# Expiring rows (EXPIRE ROWS)

EXPIRE ROWS is a row-level retention policy for passthrough materialized views. Keep the latest row per key, the top-N per group, or rows matching a predicate — recomputed continuously, with expired rows hidden immediately and reclaimed in the background.
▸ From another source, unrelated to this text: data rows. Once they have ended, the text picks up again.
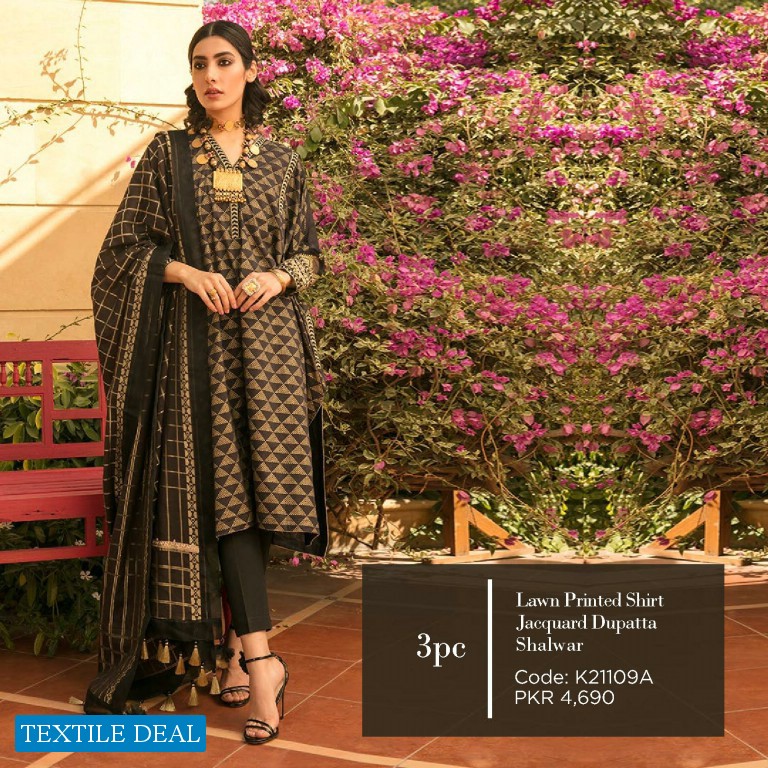 Khaadi Lawn 2021 I Am My Own Wholesale Pakistani Embroidered Dress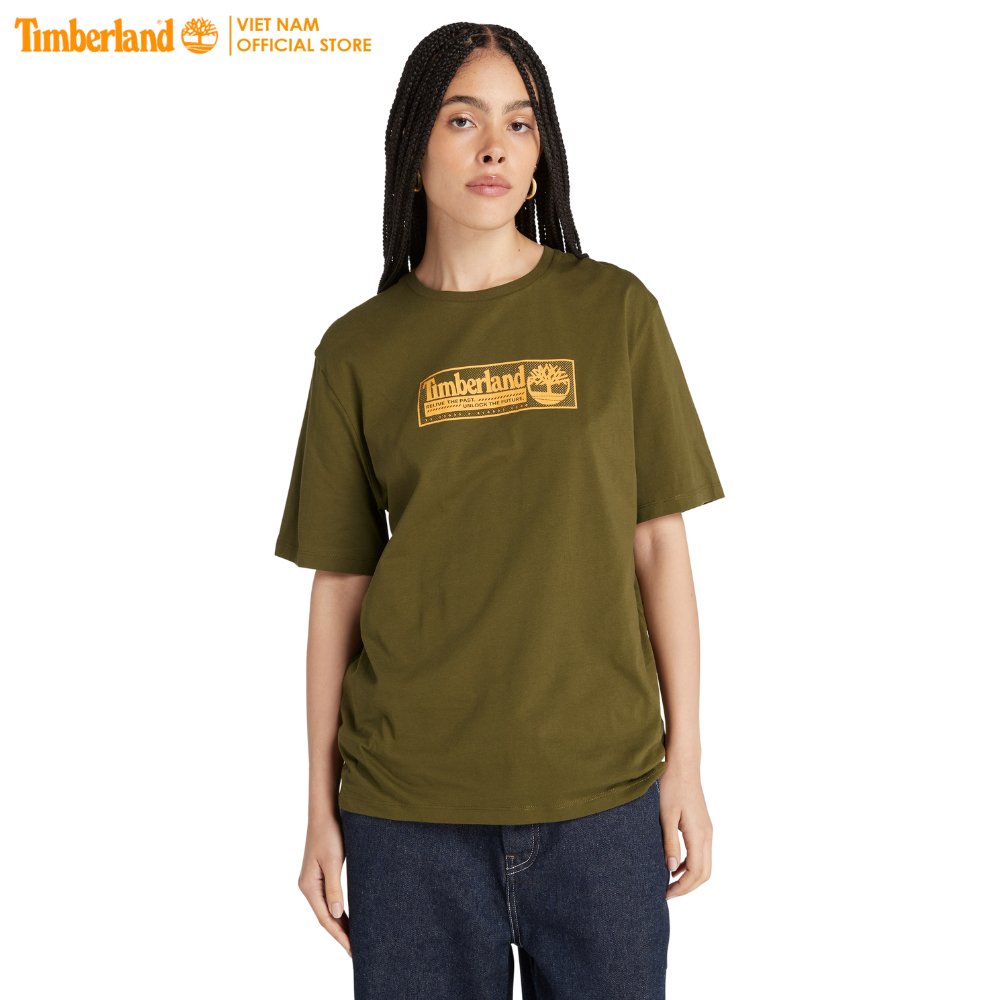 [Original] Timberland Áo Thun All Gender Short Sleeve Back History Comic Graphic T-Shirt TB0A27V8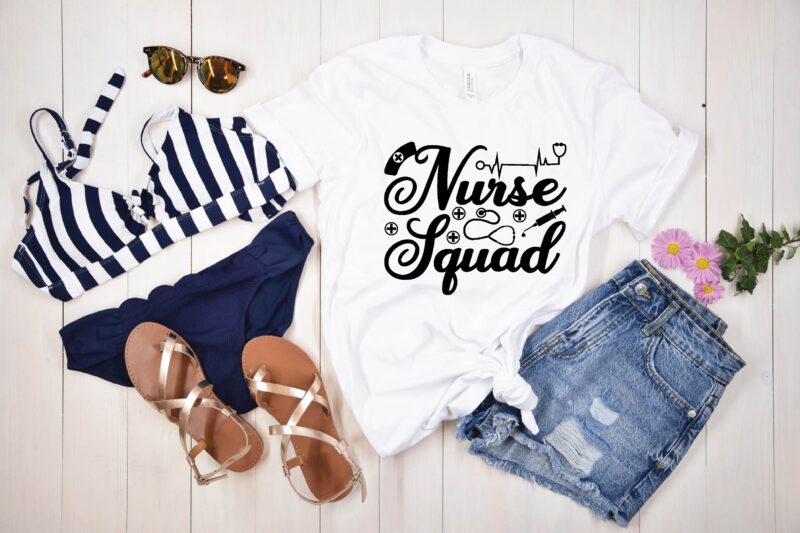 Nurse svg bundle graphic t shirt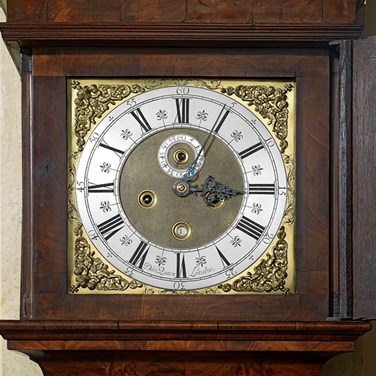 Face of the Daniel Quare longcase clock, c1720 [CLC/CK/009]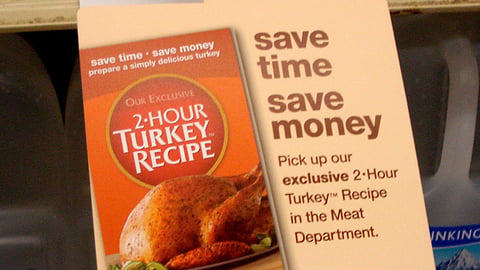 Safeway '2-Hour Turkey' Shelf Dangler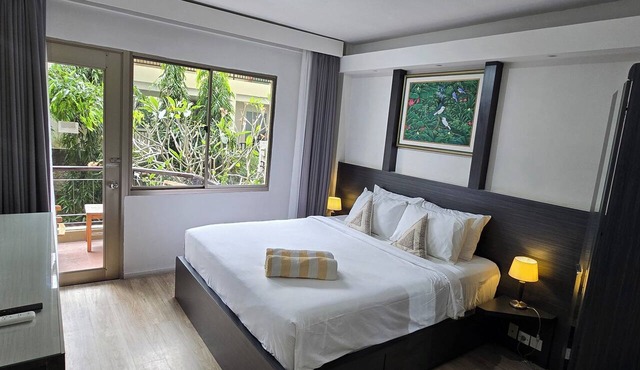 Beach Resort Apartment. 5-Min Walk to Legian Beach in kuta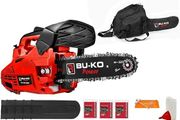 BU-KO 26 cc Lightweight 3.5kg - Top Handled Petrol Chainsaw | 3 Chains and 10" Bar Included | Cover Bag and Full Safety Gear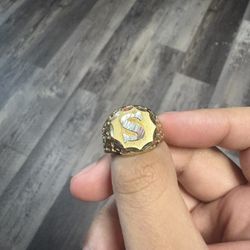 S Initial Size 8 Gold 10k Ring 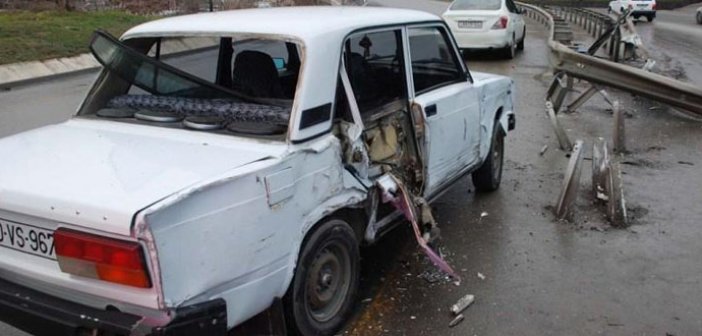 Bakıda yol qəzası - Yaralılar var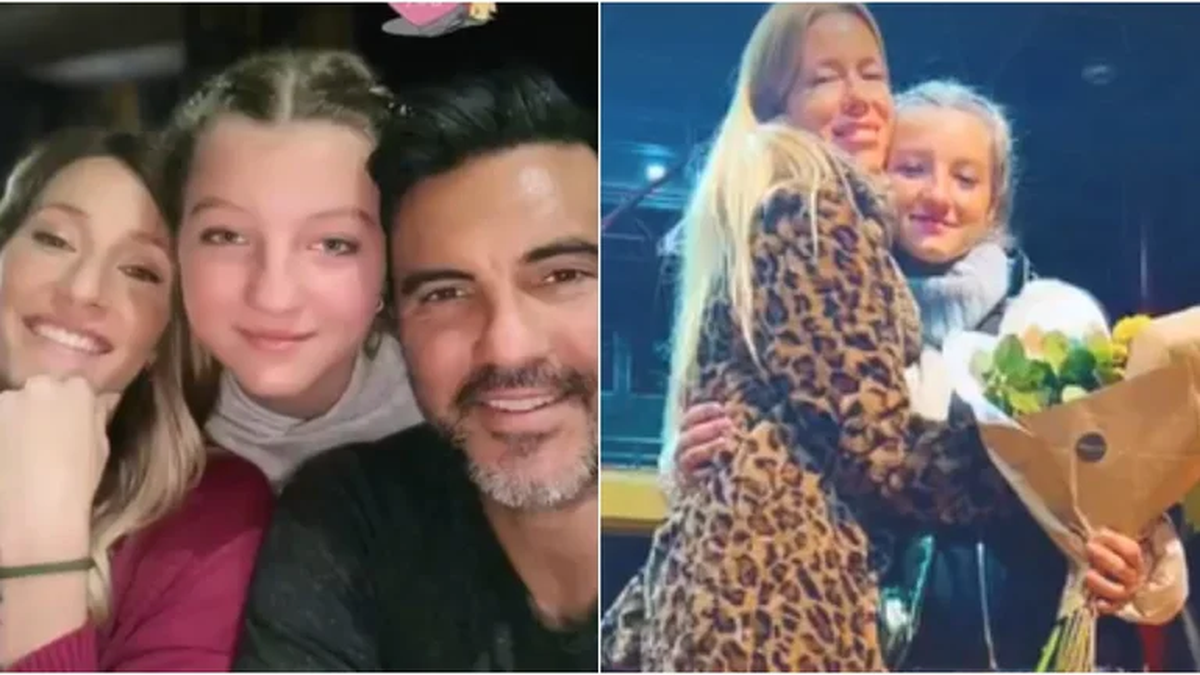 Nicole Neumann y Fabián Cubero alentaron a Allegra en su debut como actriz: por qué no se cruzaron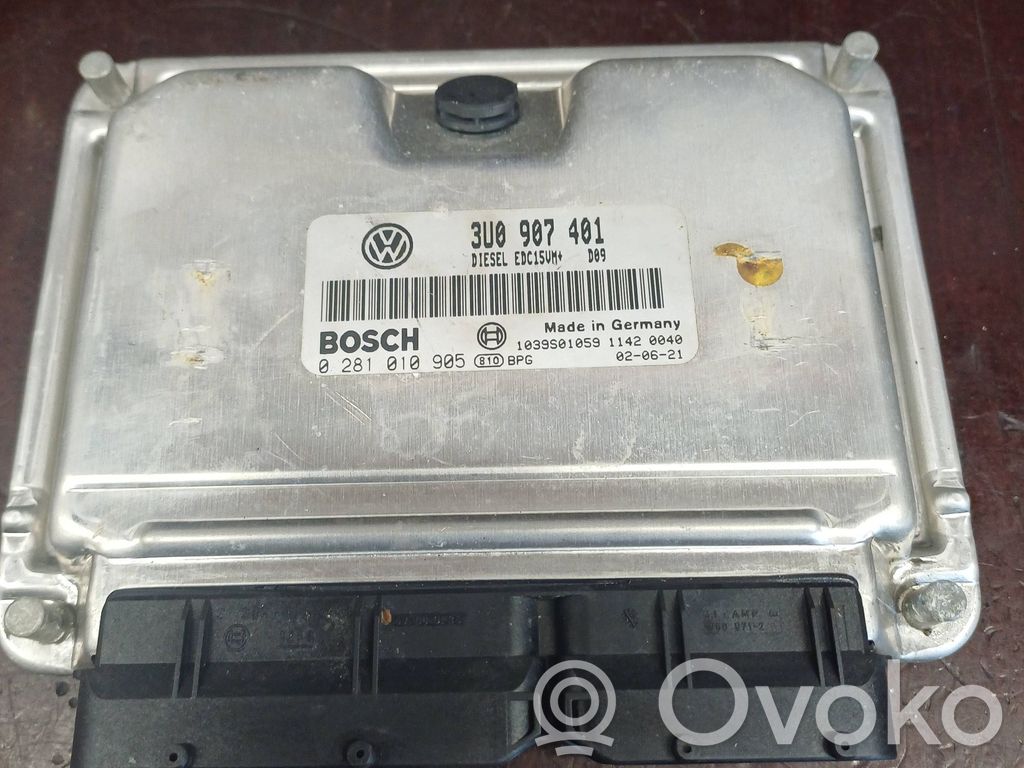 Engine control unit/module   3U0907401,1039S01059,0281010905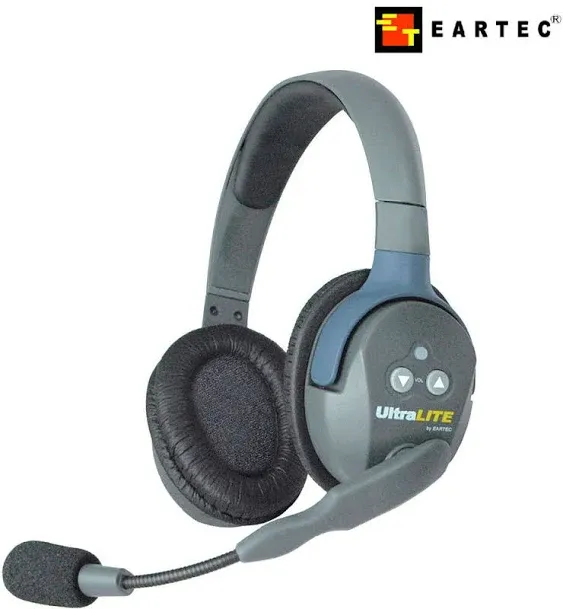 Eartec UltraLite System w/ Single Ear Headsets (3-User)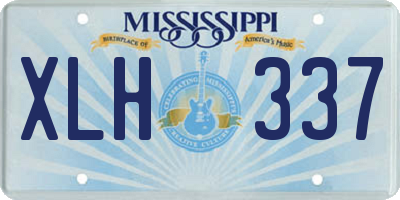 MS license plate XLH337
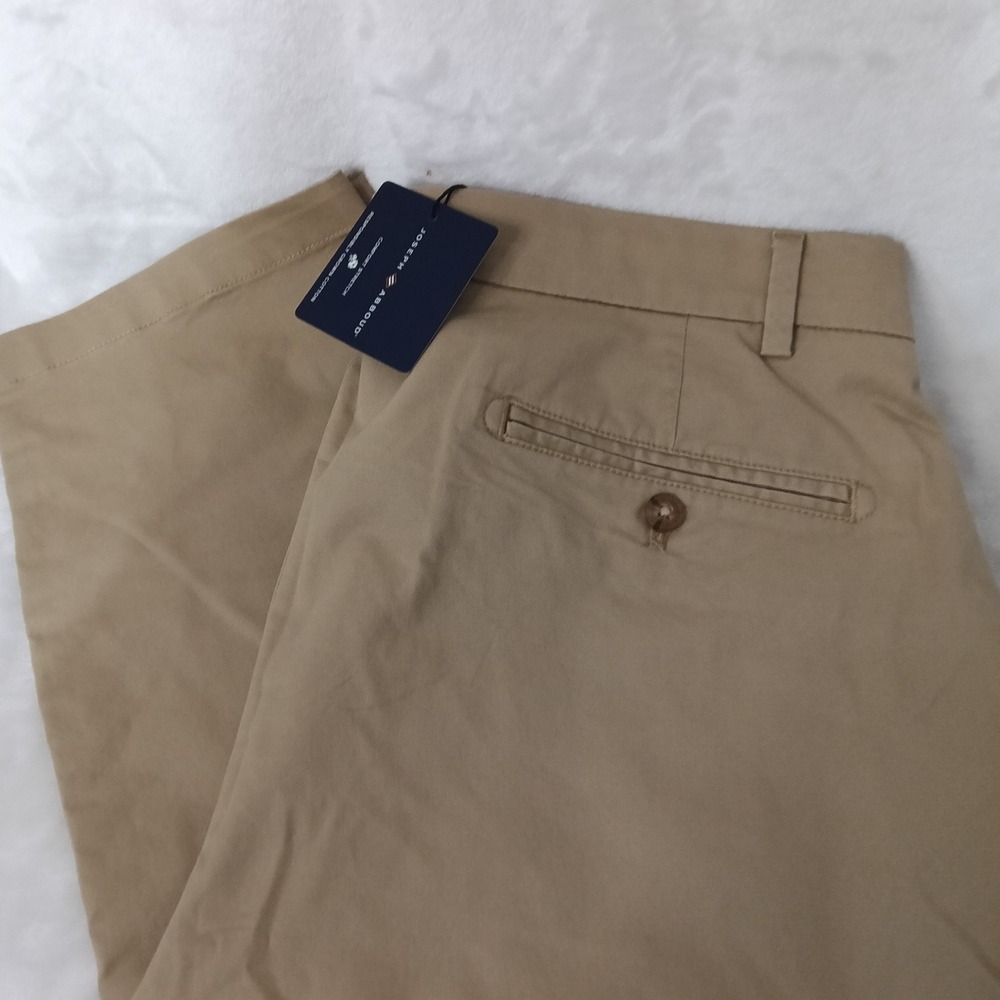 Joseph Abboud Mens Modern Fit Comfort Stretch Chino Pants Tan 38x34 NWT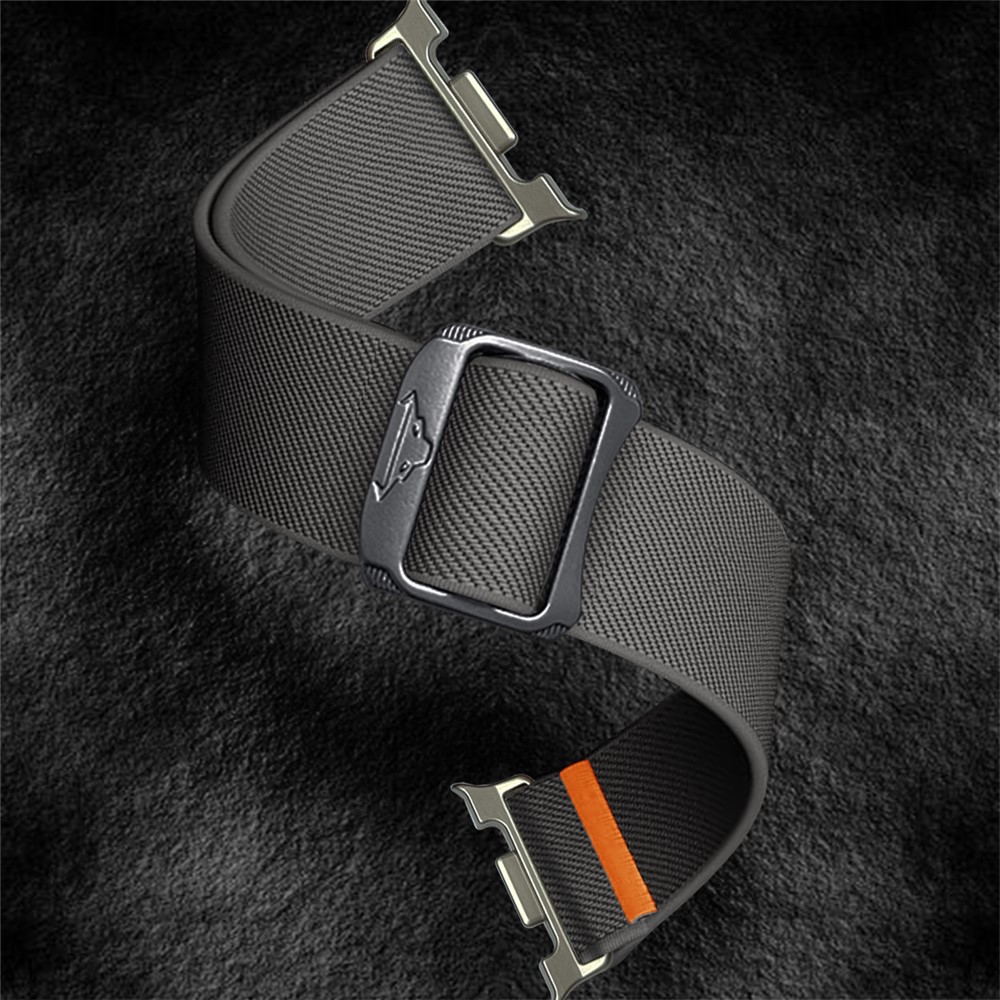  Galaxy Watch 8 46/44/40 mm Armband Justerbart Nylon Grå - Teknikhallen.se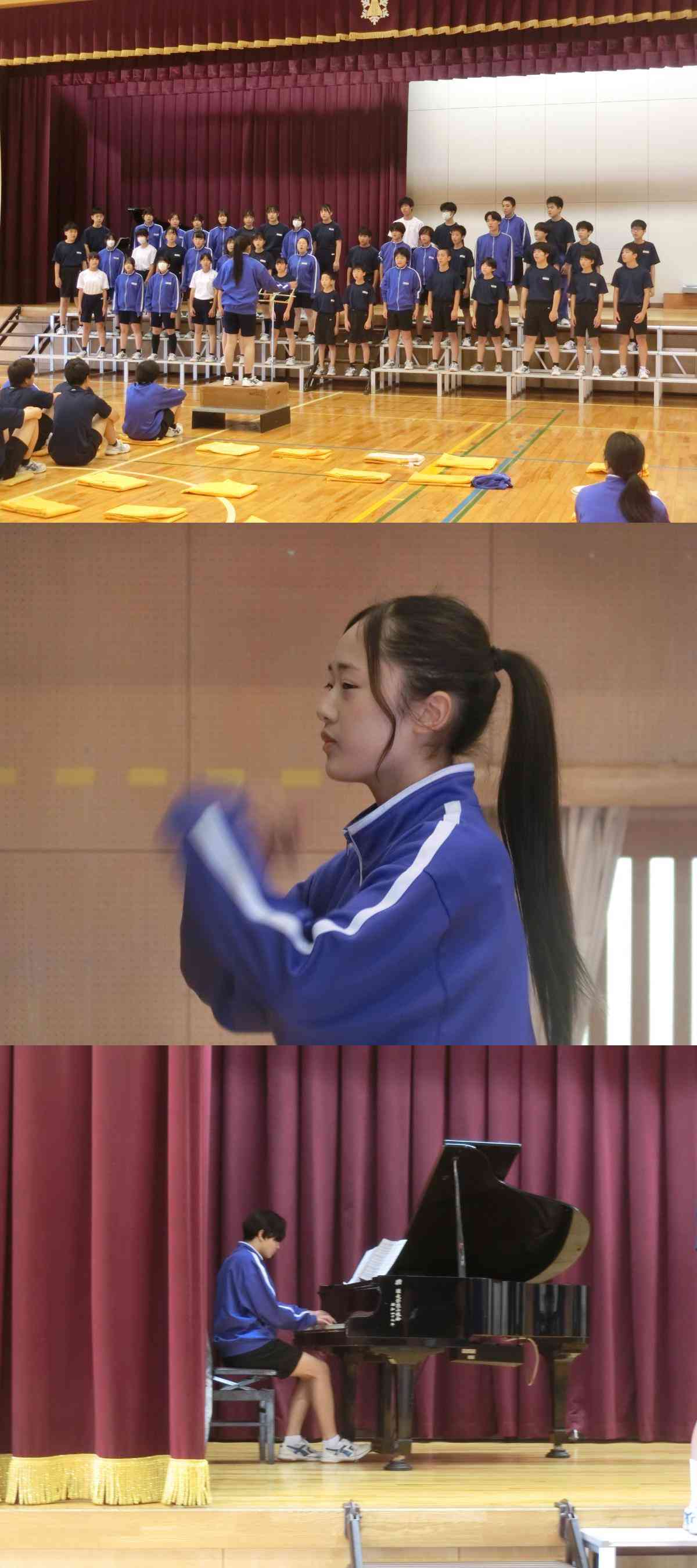 R7.10.08　生徒集会（カラー合唱）５ (1)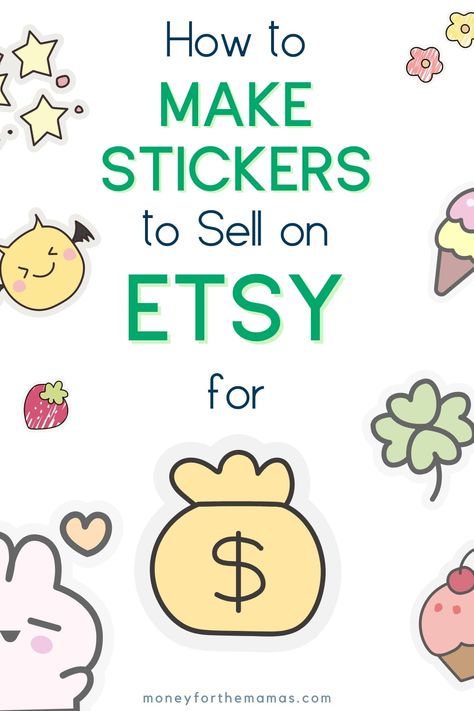 If you're looking for some fun Etsy shop ideas, why not consider opening an Etsy sticker shop! Cute stickers are an easy thing to sell on Etsy, as you can do ready-made stickers or even sticker printables. (Selling digital sticker files for people to print at home.) We'll go through how to make and sell stickers on Etsy step-by-step, so you'll know exactly what to do. Plus, we'll go through which Cricut machine is best for the type of Etsy store you want to run. How To Make Stickers To Sell On Etsy, Small Business Stickers Ideas, Stickers That Sell, Types Of Stickers, What To Do With Sticker Collection, Stickers To Make At Home, How To Sell Stickers On Etsy, How To Print Stickers At Home, Selling Stickers On Etsy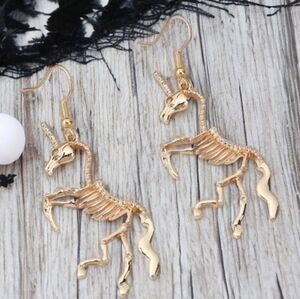 MODCLOTH MYSTIC UNICORN SKELETON EARRINGS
`EXPIRE ROWS` is a row-level retention policy for
[materialized views](/docs/concepts/materialized-views/). Where
[TTL](/docs/concepts/ttl/) drops whole partitions once they age out, `EXPIRE
ROWS` decides retention **row by row** — keep the latest row per key, the top-N
per group, rows matching a predicate, and so on — and recomputes the result
continuously as the view refreshes.

Expired rows disappear from query results **immediately**; their on-disk storage
is reclaimed afterwards by a background job.

:::note

`EXPIRE ROWS` is **materialized-view-only**, and the view must be a
**passthrough** (non-aggregating) view: `SELECT * FROM base` with no
`SAMPLE BY` / `GROUP BY`. `CREATE TABLE ... EXPIRE ROWS` and aggregating views
are rejected. For base-table retention use [TTL](/docs/concepts/ttl/) or, on
Enterprise, [storage policies](/docs/concepts/storage-policy/).

:::

## When to use EXPIRE ROWS

Reach for `EXPIRE ROWS` on a passthrough materialized view when you want a
continuously-maintained, pruned copy of a base table:

- **Current-state-per-key tables** — keep only the latest row per device,
  symbol, or session (`KEEP LATEST`).
- **Per-group extremes or leaderboards** — keep the highest/lowest value per
  group, or the top-N (`KEEP HIGHEST/LOWEST`, `KEEP N`).
- **Rolling row-level windows** — keep rows newer than a cutoff, or matching any
  predicate, at finer granularity than TTL's whole-partition drops
  (`WHEN predicate`).

Use [TTL](/docs/concepts/ttl/) instead when partition-granularity, age-based
retention on a base table is enough — it is cheaper and has no passthrough-view
requirement.

## Requirements

`EXPIRE ROWS` requires a **passthrough materialized view**:

- The view query is `SELECT * FROM base`. A column subset and a `WHERE` filter
  are allowed; aggregation, `SAMPLE BY`, `GROUP BY`, `LATEST ON`, `DISTINCT`,
  `UNION`, and `JOIN` are not — they make the view non-passthrough and are
  rejected with
  `EXPIRE ROWS is only supported on passthrough (non-aggregating) materialized views`.
- The view inherits the base table's
  [designated timestamp](/docs/concepts/designated-timestamp/) and partitioning.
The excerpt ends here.